Ciência
03/09/2020 às 15:00•3 min de leitura
Após as cidades de Hiroshima e Nagasaki terem sido mortalmente bombardeadas no final da Segunda Guerra Mundial, a década de 1950 ficou marcada pela corrida armamentista nuclear entre os Estados Unidos e a União Soviética, no intuito de descobrir qual país desenvolveria o próximo dispositivo nuclear que poderia ser imprescindível em algum momento na Guerra Fria.
Enquanto os soviéticos trabalhavam em seu Polígono no meio do deserto do Cazaquistão, os norte-americanos traçavam o escopo da Operação Castelo. Eles elaboravam uma bomba termonuclear, ou bomba de hidrogênio, cujo poder de detonação estava previsto para ser mil vezes mais forte do que as lançadas sobre o Japão. Contudo, um erro fatal durante a sua concepção teve graves consequências.
(Fonte: Atomic Shadows/Reprodução)
A principal diferença entre uma bomba atômica e uma de hidrogênio está em sua composição e processo de detonação. As bombas atômicas liberam uma onda de energia causada pela fissão (separação) dos núcleos de um elemento químico pesado, como o plutônio ou o urânio. Por outro lado, uma bomba de hidrogênio começa com a explosão de uma bomba atômica para que a temperatura de milhões de graus crie energia suficiente para forçar a aproximação de dois núcleos leves, causando a fusão nuclear – nesse caso, de isótopos de hidrogênio.
O Laboratório Científico de Los Alamos projetou um invólucro que carregava um cilindro com combustível sólido, ou “seco”, de deutereto de lítio sob uma vela de ignição de plutônio que seria utilizada para “inflamar” a reação de fusão. Assim, ao redor de uma bomba atômica primária de fissão, foi adicionado um casco de urânio.
O resultado foi de um dispositivo nuclear que pesava 10,7 toneladas, media quase 5 metros de comprimento e 137 centímetros de diâmetro.
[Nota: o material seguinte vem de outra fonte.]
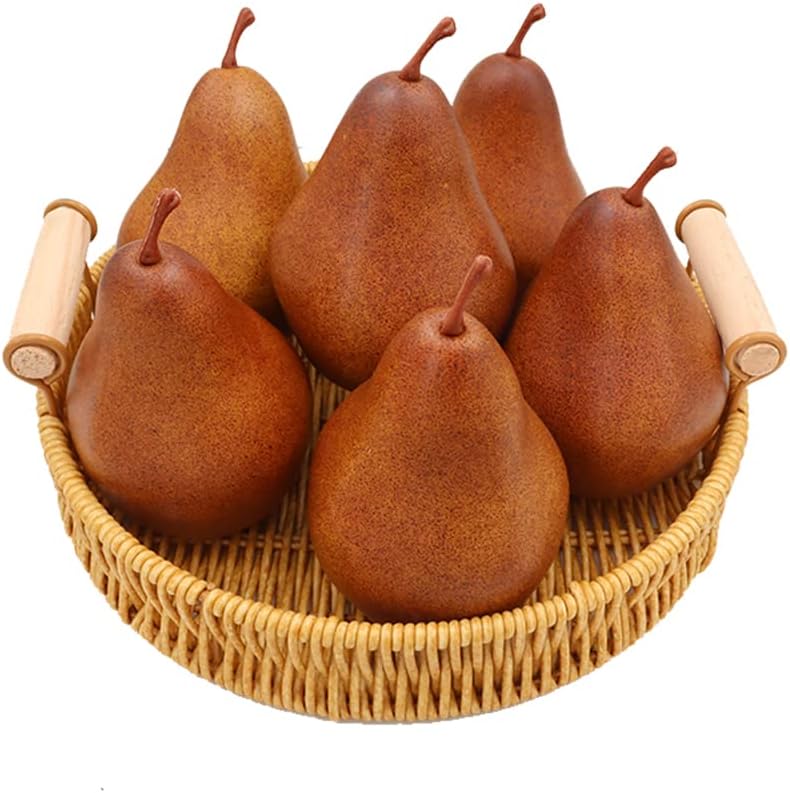 6PCS Fake Brown Pear Artificial Lifelike Fake Fruits Decorative for Kitchen Party Home Ornament House Table Faux Fruit Centerpieces Sketch Photography Prop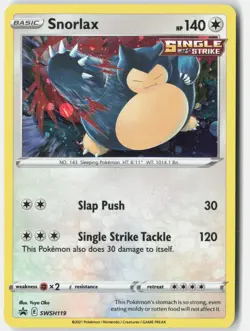 Snorlax SWSH119 Holo Promo Sword & Shield Promo Pokemon COSMOS Holo Near Mint - Image 1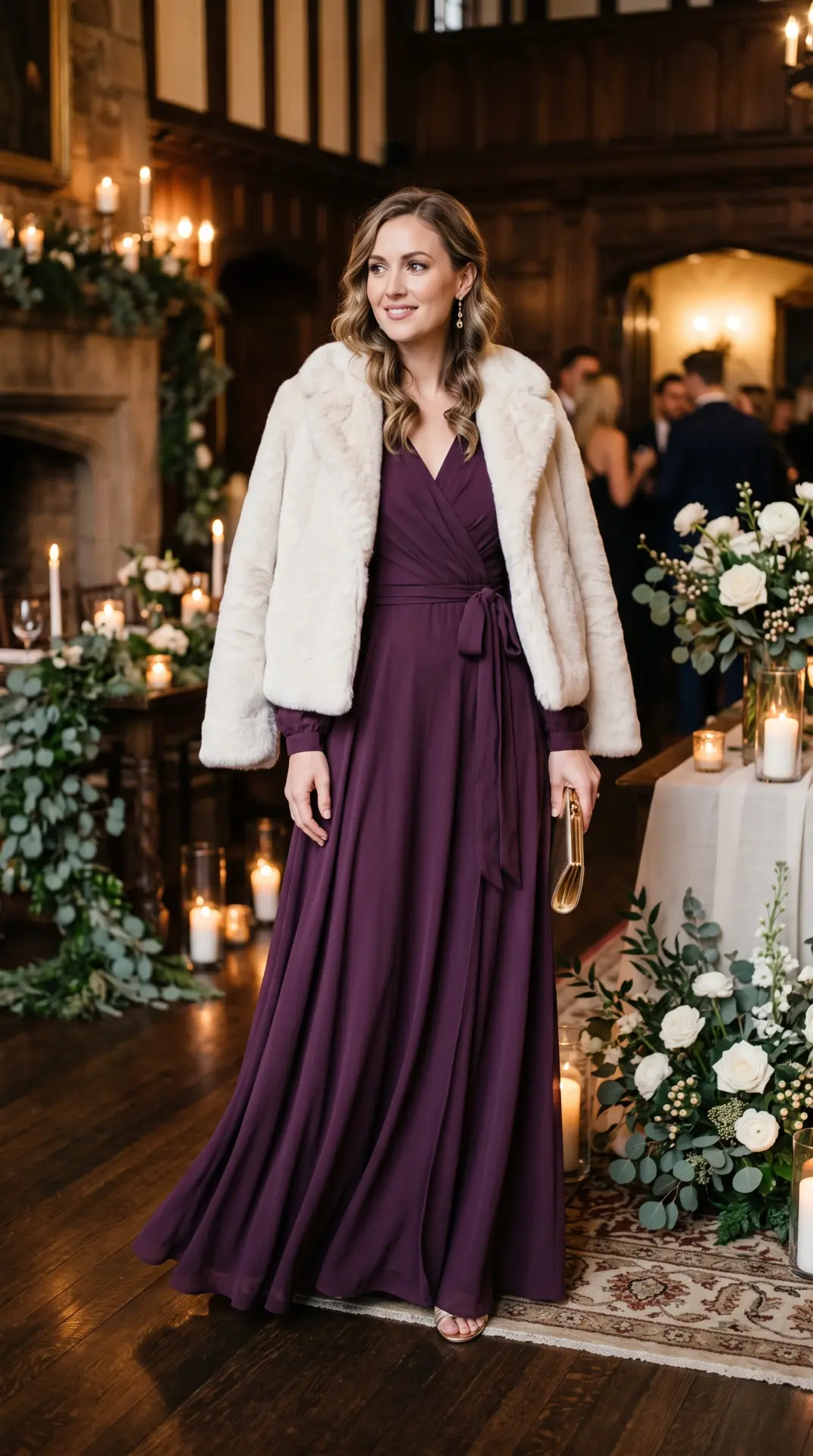 20 Cold Weather Wedding Guest Outfit: Chic Looks That Keep You Warm 18 Plum Wrap Maxi Dress With Faux-Fur Jacket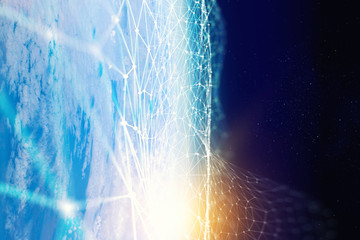 Global connection and networking. 3d rendering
Foi chamado de Bravo e era a primeira bomba termonuclear da Operação Castelo.
(Fonte: The Nuclear Secrecy Blog/Reprodução)
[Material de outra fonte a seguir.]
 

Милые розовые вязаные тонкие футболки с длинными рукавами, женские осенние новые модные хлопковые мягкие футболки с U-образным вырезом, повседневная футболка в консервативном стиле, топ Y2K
Em 1º de março de 1954, os cientistas e os militares do Exército dos Estados Unidos levaram Bravo até o Atol de Bikini, localizado no oceano Pacífico, nas Ilhas Marshall. A bomba foi montada em uma plataforma que possuía um arco de espelhos ao seu redor, onde foram posicionados instrumentos de medição e câmeras.
A detonação ocorreu às 6h45 do horário local e formou uma bola de fogo com quase 7,2 quilômetros de diâmetro que pôde ser vista do Atol Kwajalein, a mais de 400 quilômetros de distância de Bikini. Em apenas 1 minuto, a nuvem em formato de cogumelo alcançou 40 quilômetros de altura e teve cerca de 11 quilômetros de diâmetro. Em aproximadamente 10 minutos, a nuvem se expandiu a mais de 100 metros por segundo, totalizando uma velocidade de 360 quilômetros por hora.
No local onde a bomba foi posicionada, formou-se uma cratera com 2 mil metros de diâmetro e 76 metros de profundidade. A radiação espalhada contaminou 18 mil quilômetros quadrados do oceano Pacífico.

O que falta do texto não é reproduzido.